CHAPTER III.
EARLY REGULATIONS AFFECTING FAIRS—ENGLAND.

It has been attributed to Alfred the Great that amongst the many wise and beneficial measures he took for the advancement of this kingdom, was the establishment of fairs and markets. I have already shown that this is not quite so; but certain it is that the first general measures for the regulation of commerce in England, are dated back to his reign. Hence it was then provided that alien merchants should come only to the “four fairs,” and should not remain in England more than forty days. This was in the latter half of the ninth century. But I have already shown that fairs were held in other parts of Europe, and in Asia, centuries earlier than this date. The point of importance in the regulation of Alfred is that foreign merchants were permitted by royal authority to attend these English fairs.

King Ethelred II. (end of tenth and commencement of eleventh centuries) proclaimed that the ships of merchants, or of enemies from the high seas, coming with goods into any port should be at peace. The principle here enunciated, of commerce being deemed an act of peace, is believed to be of high antiquity in Great Britain; but whether it originated here is by no means clear, nor is it material to determine. At later periods the practice has not been continuously upheld.

Henry I. granted to the citizens of London (inter alia) that they should be free throughout England and the sea ports from toll, passage through towns, ports, gates, and bridges; and lestage, or a toll paid for freedom to sell at Fairs.

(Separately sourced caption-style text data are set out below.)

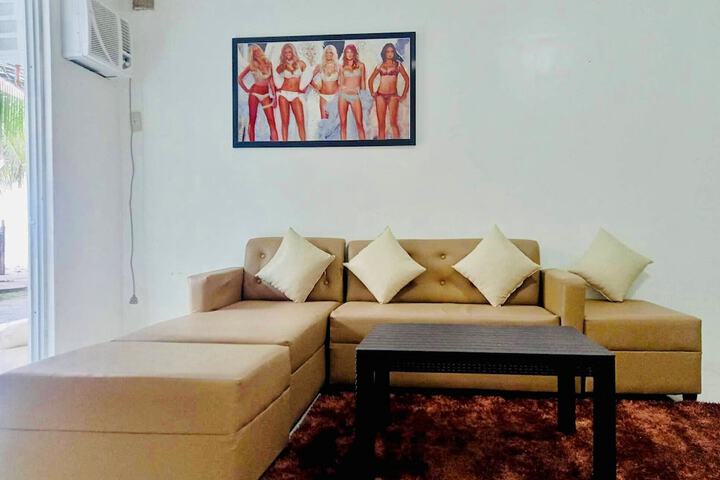 Room 14 of 33
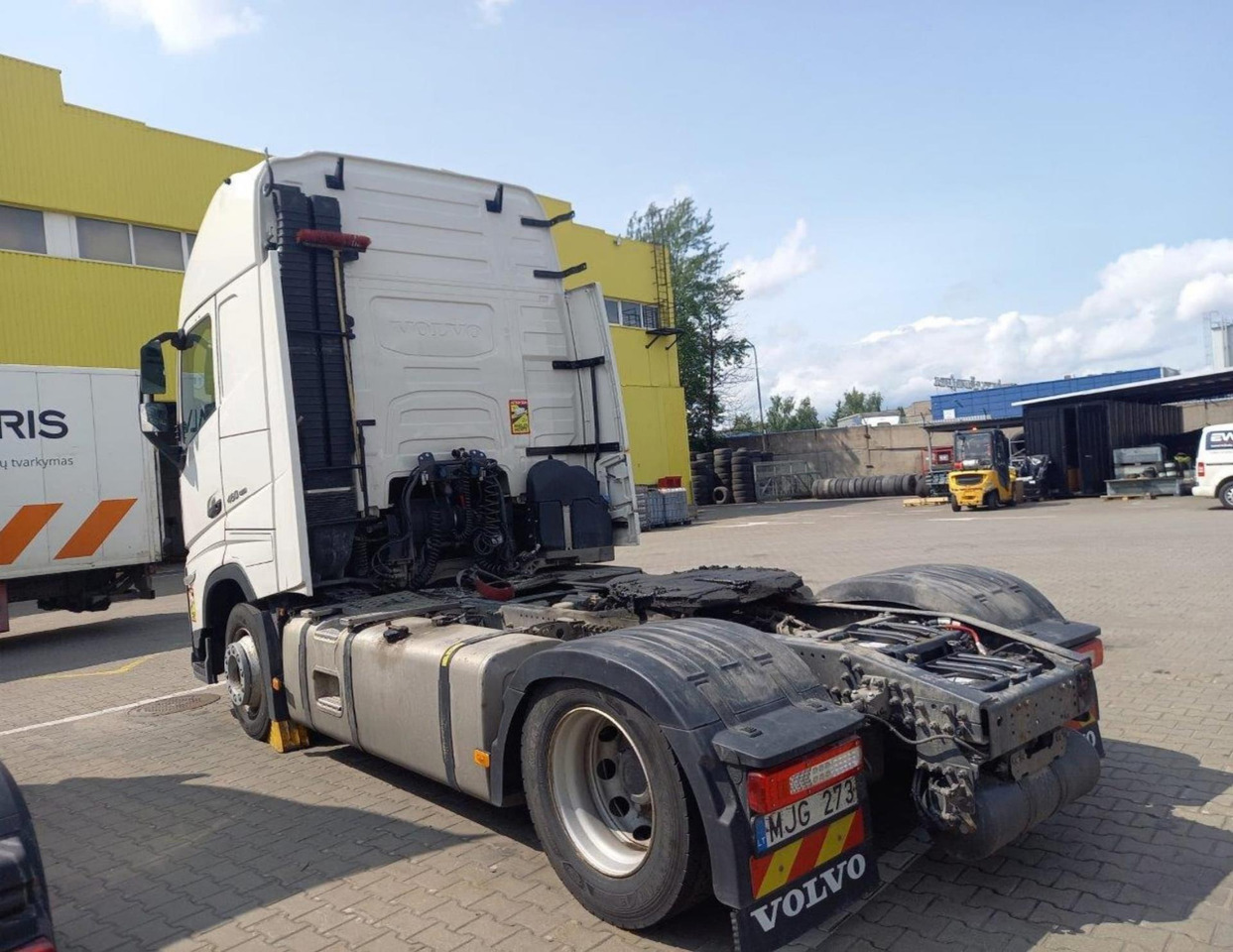 2022 Volvo FH 460 Globetrotter XL Varios i-Save I-ParkCool - شاحنة جرار: صور 3 2022 Volvo FH 460 Globetrotter XL Varios i-Save I-ParkCool - شاحنة جرار: صور 3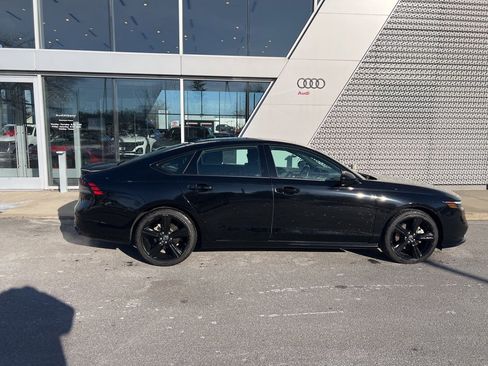 Used 2023 Honda Accord Sport image 19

Magna Charta (1215).—The demand of the Barons presented to King John embodied the following: “That merchants shall have safety to go and come, buy and sell, without any evil tolls, but by antient and honest customs.” In the completed Charter the actual grant took the following shape:

All merchants shall have safety and security in coming into England and going out of England, and in staying and in travelling through England, as well by land as by water, to buy and sell without any unjust exactions, according to ancient and right customs, excepting in time of war, and if they be of a country at war against us: and if such are found in our land at the beginning of a war, they shall be apprehended without injury of their bodies and goods until it be known to us, or to our Chief Justiciary, how the merchants of our country are treated who are found in the country at war against us; if ours be in safety there, the others shall be in safety in our land.

The doctrine of international reciprocity is here very clearly stated.